そして若い子たちには一定の年齢層から上の方々の区別が厳密につかなくて、美輪様とカーリーが混ざる子もいるのではないか、とも思う。
仲のいい夫婦が似てくるように、御両人はなんとなく年々似てきているような。
美輪様がまだ姓を丸山と名乗っていたころ、お母様がシャンソン好きなのもあってファンだったが、カーリーは怖いと感じた。
そう、怖いもの見たさではなく、ただ怖い。
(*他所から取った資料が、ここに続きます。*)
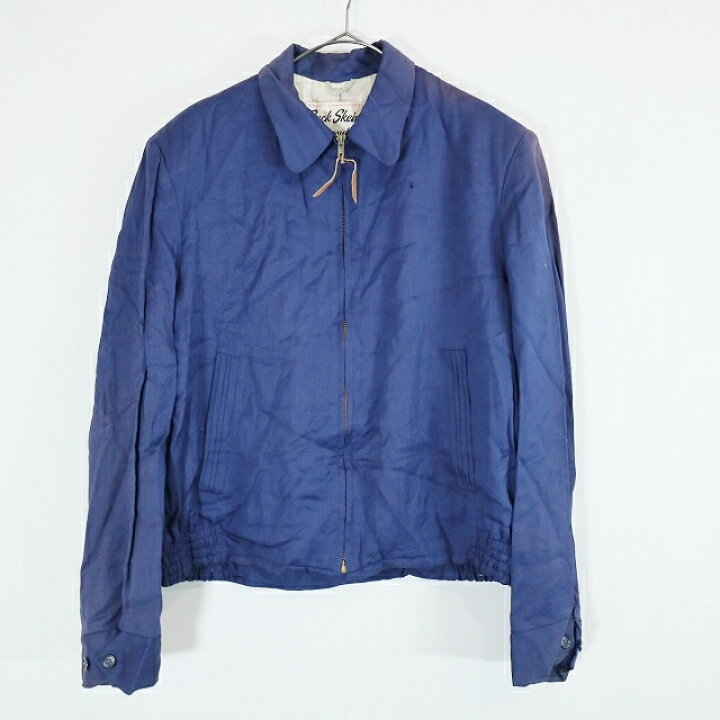 楽天市場】50s Buck Skein Brand バックスキンブランド コットン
遠い人だと憧れながらも、何か自分といろいろ共通するものも勘づいてしまったカーリー少年は、あまりにも美輪様が魅惑的で自分が激しくのめり込みそうで、いったん自分の中で封印した。
それがお母様が亡くなったころ、寂しいと思いながら街を歩いていたら、美輪様の舞台があるのを知ってしまう。今だ、と直感した。ここだ、と天啓に打たれた。
さっそく観に行き、封印を解き、通い詰めて覚えてもらうまでになる。そしてカーリーが本を出したりするようになったとき、推薦文などいただきに出向く。
そして、あの名言。宝石のような御言葉である。まさに枯れない言葉の花束。いや、唯一無二の、一輪の花か。弟子に心の準備ができれば師匠が現れるというのは、本当だ。美輪様も、待っていてくださったのだ。
カーリーが真摯な尊敬を捧げたから、美輪様も同じように返してくださったのだろう。
そして絶対に、お母様の引き合わせだ。
お腹の中が真っ白なパートナーと犬たちに支えられて
「私が美輪様のコンサートを観に行ったときに、美輪様が
『隣にお母様が来てたわよ』と教えてくれるときもありました」
その美輪様が、20年近く公私ともにカーリーを支えるパートナーを見て、「この人はお腹の中が真っ白ね」とおっしゃったとか。これも、その通りなのだろう。
かつて猫好きでも知られたカーリーが、いつの間にか犬好きになって、迫力ある大型犬や可愛い小型犬たちに囲まれているのも、犬好きのパートナーの影響だそうだ。愛犬たちの姿はSNSで見られ、犬好きを悶絶させている。
そんなカーリーは、豪邸を衝動買いするのでも知られているが、これも実は衝動買いではないのかもしれない。家のほうが、買ってもらえるよう待っていたのだ。
「鎌倉の家が1000坪、軽井沢の別荘が1300坪。それでもまだ足りない。
もっともっと、自分の庭を花でいっぱいにしたい。花まみれにして、古い材料で古民家風の建物や茶室もつくりたい。もっともっと、まだまだ。犬たちを自由に走り回らせるドッグランもつくりたい」
カーリーの動機や生き方は、実はシンプルでベーシック。好きなものが欲しい、美しいものに囲まれたい。でも、満足度は人それぞれだから、自分の城をいかに美しく居心地よくするかが大切だという。
「先行投資はしなきゃだめ。ケチるのもだめ。お金も循環させなきゃ、血流と同じで滞るのがよくない。あと、断捨離ってのもあるけど、要らないものは捨てて、大事な物はちゃんと取っておかないと。思い出も捨てちゃだめ」
カーリーは欲望に忠実だが、必ず分け与え、還元しようとする。そして日本人の多くも、震災などに遭った人に寄附をしようとするし、助けようとする。
「花は経済のバロメーターです。豊かな国は、花が人気商品。今の日本は、真っ先に花などの消費が削られている」
カーリーを見ていると、いや、見習えば日本は大丈夫、盛り返せるという気もしてくる。花の市場は不況でも、カーリーのイベントが活況を呈しているのだからまだ大丈夫とも思える。